Ja, einige. Robin Hobb hat mir gezeigt, wie man charakterbezogene Fantasy schreibt, George R.R. Martin und andere komplexen, teilweise realistischen Weltenbau. Eileen Muellers Erfolg im Selfpublishing und die Menge an Recherche, die da im Vorfeld stattgefunden hat, ist enorm inspirierend. Ich könnte wahrscheinlich noch ewig weitermachen.
Wer sind die Helden deiner Kindheit? An welche Buchfiguren oder Filmfiguren hast du die meisten Erinnerungen?
Harka Steinhart Nachtauge aus die Söhne der Großen Bärin und Elli aus Alexander Wolkows Der Zauberer der Smaragdenstadt und Folgeromane waren so meine größten Helden. Wie oft habe ich die beiden gespielt oder mir Geschichten dazu ausgedacht? Später kam dann noch Atreju als erster Filmcrush hinzu. Ach und Alfred J. Kwak war mein TV-Held
Was fasziniert dich an Märchen?
Im Grunde eine Menge. Ich finde es zum Beispiel faszinierend, wie sich die selbe Geschichte in unterschiedlichen Regionen erzählt wird oder was die wahren Hintergründe sind. Dann ist auch die Einfachheit faszinierend, mit der eine Geschichte und teilweise eine Moral erzählt werden kann. Und zu guter Letzt finde ich es äußerst faszinierend, dass es so viele Märchenheldinnen gibt. Nichts von wegen hilfloser Prinzessin, wenn man von Schneewittchen und Dornröschen einmal absieht. Die meisten Märchenprinzessinnen haben es faustdick hinter den Ohren, sind aktiv und nehmen ihr Schicksal selbst in die Hand. Und bei den armen Geschwisterpärchen? Ohne Schwesterchen sind die Brüderchen doch vollkommen aufgeschmissen (siehe Hänsel und Gretel, die sechs Schwäne, Brüderchen und Schwesterchen)

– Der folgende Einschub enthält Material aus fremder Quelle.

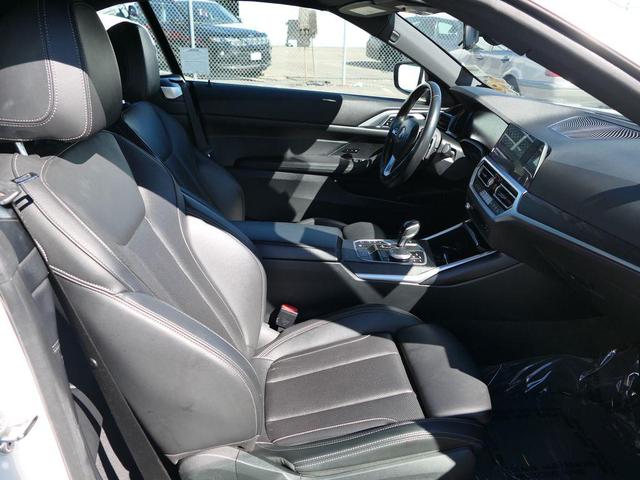 Photo of 2023 Alpine White BMW 430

Was fasziniert dich am Mythos der wilden Jagd?
Die Personifizierung des Sturms. Ich finde es generell interessant, wie sich früher Naturphänomene durch Geschichten erzählt und erklärt wurden und in dem Fall ist es, dem angsteinflößendem Sturm eine Horde wilder Gestalten einzuflößen, die eigentlich für all den Lärm und Schaden verantwortlich sind.

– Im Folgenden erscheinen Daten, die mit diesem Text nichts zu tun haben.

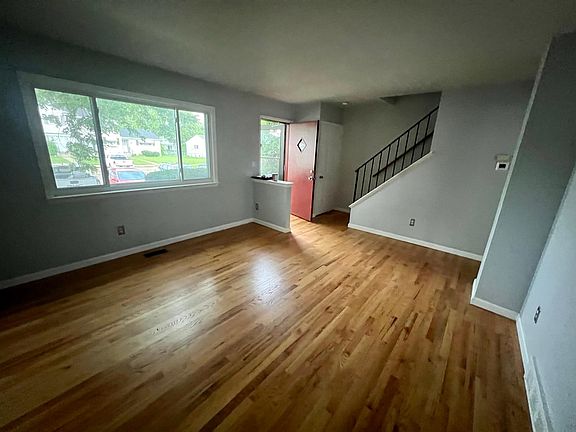 3rd image of 116 S Christine Cir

Bei „Die Wylde Jagd“ handelt es sich ja um zwei Novellen zum Märchen „Brüderchen und Schwesterchen“ gepaart mit der Sage der Wilden Jagd. Wie kam es, dass Tina und du ein gemeinsames Projekt gestartet habt mit jeweils völlig unterschiedlichen Geschichten? Und wie seid ihr bei der Recherche dazu vorgegangen?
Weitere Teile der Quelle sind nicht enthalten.